_RECORDS FOR THE TASK_
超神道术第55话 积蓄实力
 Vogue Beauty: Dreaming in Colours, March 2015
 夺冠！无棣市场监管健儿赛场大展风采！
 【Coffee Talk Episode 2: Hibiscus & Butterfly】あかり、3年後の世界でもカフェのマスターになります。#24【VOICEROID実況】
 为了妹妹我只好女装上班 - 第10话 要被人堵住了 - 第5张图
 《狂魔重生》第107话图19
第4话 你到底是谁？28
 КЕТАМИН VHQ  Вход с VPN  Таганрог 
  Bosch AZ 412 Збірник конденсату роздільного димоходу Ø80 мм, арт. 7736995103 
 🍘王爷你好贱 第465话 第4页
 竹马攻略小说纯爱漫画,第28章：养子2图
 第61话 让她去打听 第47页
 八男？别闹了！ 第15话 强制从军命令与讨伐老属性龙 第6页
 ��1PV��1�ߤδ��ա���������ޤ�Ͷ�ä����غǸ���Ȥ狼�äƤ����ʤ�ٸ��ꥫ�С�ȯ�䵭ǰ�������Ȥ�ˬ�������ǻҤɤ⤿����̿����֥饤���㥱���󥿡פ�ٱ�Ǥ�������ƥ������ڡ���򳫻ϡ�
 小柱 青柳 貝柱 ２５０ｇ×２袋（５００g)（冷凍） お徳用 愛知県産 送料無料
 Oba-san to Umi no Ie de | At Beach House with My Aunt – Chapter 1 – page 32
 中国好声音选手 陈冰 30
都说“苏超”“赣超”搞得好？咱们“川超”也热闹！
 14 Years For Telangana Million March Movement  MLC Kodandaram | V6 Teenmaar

_WHAT TO WORK ON_
Output, unchanged, only the lines from the one that holds "Oba-san to Umi" through the last line of the material above.

_RESULT FOR THIS TASK_
 Oba-san to Umi no Ie de | At Beach House with My Aunt – Chapter 1 – page 32
 中国好声音选手 陈冰 30
都说“苏超”“赣超”搞得好？咱们“川超”也热闹！
 14 Years For Telangana Million March Movement  MLC Kodandaram | V6 Teenmaar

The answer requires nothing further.